*** Opening DATA ***
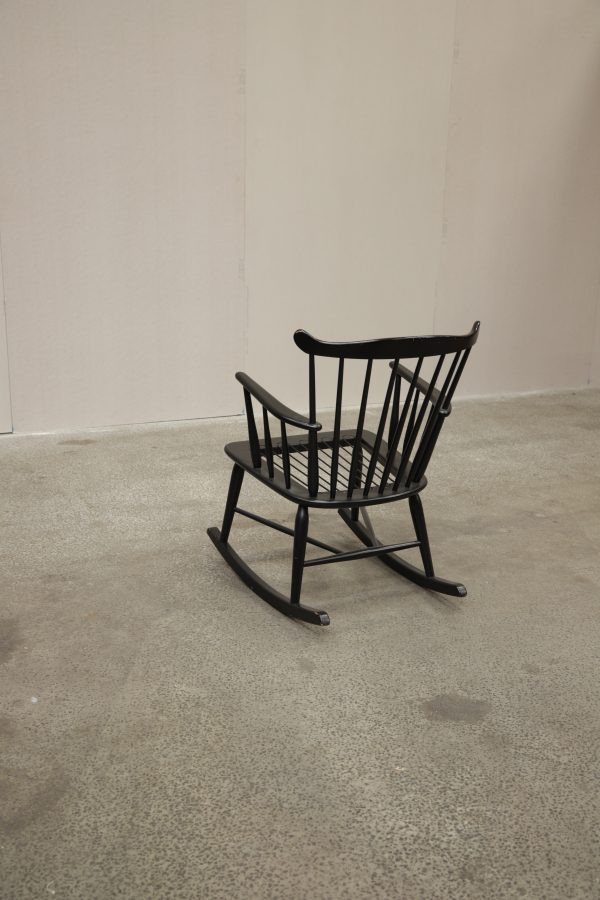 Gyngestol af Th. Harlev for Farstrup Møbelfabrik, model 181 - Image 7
*** Closing DATA ***
*** Opening DATA ***
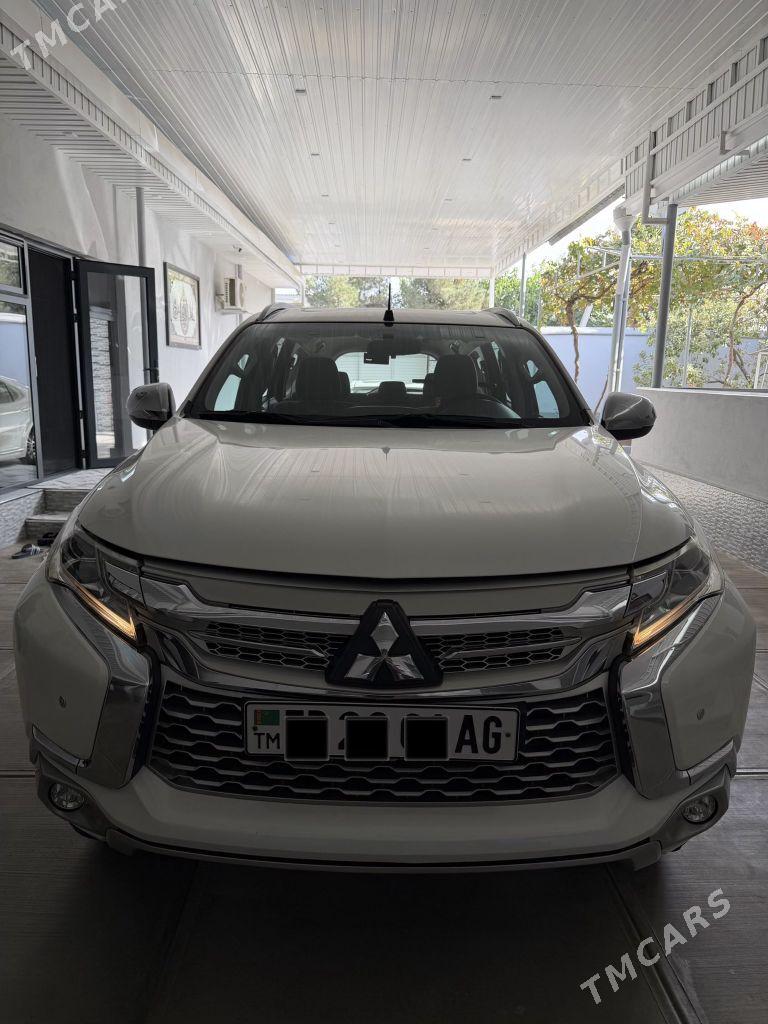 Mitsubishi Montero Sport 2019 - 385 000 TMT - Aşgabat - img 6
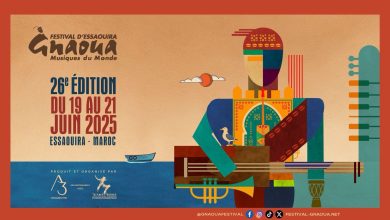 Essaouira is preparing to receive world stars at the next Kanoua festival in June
*** Closing DATA ***
#### WHAT THE EXERCISE ASKS:
Exactly the lines above, from the one containing "Mitsubishi Montero Sport" down to the one containing "Essaouira is preparing", are to be repeated, including both ends. Pictures are not part of the copy.

#### TASK RESPONSE:
 Mitsubishi Montero Sport 2019 - 385 000 TMT - Aşgabat - img 6
 Essaouira is preparing to receive world stars at the next Kanoua festival in June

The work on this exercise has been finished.